--- DATA TO EXAMINE Enclosed Below ---
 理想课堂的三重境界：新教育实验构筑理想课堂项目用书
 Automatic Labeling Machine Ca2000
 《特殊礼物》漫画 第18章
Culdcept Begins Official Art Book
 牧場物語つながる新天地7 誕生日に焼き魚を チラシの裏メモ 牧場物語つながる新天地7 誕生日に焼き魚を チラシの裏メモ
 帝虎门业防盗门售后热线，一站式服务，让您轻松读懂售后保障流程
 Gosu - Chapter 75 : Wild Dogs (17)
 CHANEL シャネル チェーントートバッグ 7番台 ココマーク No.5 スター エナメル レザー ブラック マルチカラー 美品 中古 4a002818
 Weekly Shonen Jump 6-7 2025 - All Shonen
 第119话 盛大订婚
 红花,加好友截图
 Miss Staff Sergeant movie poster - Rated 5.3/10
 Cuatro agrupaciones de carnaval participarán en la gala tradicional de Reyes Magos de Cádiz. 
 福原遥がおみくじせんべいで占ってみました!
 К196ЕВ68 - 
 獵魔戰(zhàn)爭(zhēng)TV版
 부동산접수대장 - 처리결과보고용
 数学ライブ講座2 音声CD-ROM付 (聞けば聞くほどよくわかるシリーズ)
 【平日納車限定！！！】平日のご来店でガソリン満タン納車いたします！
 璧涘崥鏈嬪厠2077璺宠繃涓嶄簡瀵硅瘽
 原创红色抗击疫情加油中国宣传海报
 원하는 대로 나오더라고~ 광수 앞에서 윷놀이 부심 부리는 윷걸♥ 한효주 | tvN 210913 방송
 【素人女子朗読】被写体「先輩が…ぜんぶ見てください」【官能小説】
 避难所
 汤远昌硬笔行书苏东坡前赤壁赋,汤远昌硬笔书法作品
--- End of Enclosed DATA TO EXAMINE ---
WHAT IS NEEDED: Write the whole of the material out again, exactly.

RESULT OF THE EXERCISE:
 理想课堂的三重境界：新教育实验构筑理想课堂项目用书
 Automatic Labeling Machine Ca2000
 《特殊礼物》漫画 第18章
Culdcept Begins Official Art Book
 牧場物語つながる新天地7 誕生日に焼き魚を チラシの裏メモ 牧場物語つながる新天地7 誕生日に焼き魚を チラシの裏メモ
 帝虎门业防盗门售后热线，一站式服务，让您轻松读懂售后保障流程
 Gosu - Chapter 75 : Wild Dogs (17)
 CHANEL シャネル チェーントートバッグ 7番台 ココマーク No.5 スター エナメル レザー ブラック マルチカラー 美品 中古 4a002818
 Weekly Shonen Jump 6-7 2025 - All Shonen
 第119话 盛大订婚
 红花,加好友截图
 Miss Staff Sergeant movie poster - Rated 5.3/10
 Cuatro agrupaciones de carnaval participarán en la gala tradicional de Reyes Magos de Cádiz. 
 福原遥がおみくじせんべいで占ってみました!
 К196ЕВ68 - 
 獵魔戰(zhàn)爭(zhēng)TV版
 부동산접수대장 - 처리결과보고용
 数学ライブ講座2 音声CD-ROM付 (聞けば聞くほどよくわかるシリーズ)
 【平日納車限定！！！】平日のご来店でガソリン満タン納車いたします！
 璧涘崥鏈嬪厠2077璺宠繃涓嶄簡瀵硅瘽
 原创红色抗击疫情加油中国宣传海报
 원하는 대로 나오더라고~ 광수 앞에서 윷놀이 부심 부리는 윷걸♥ 한효주 | tvN 210913 방송
 【素人女子朗読】被写体「先輩が…ぜんぶ見てください」【官能小説】
 避难所
 汤远昌硬笔行书苏东坡前赤壁赋,汤远昌硬笔书法作品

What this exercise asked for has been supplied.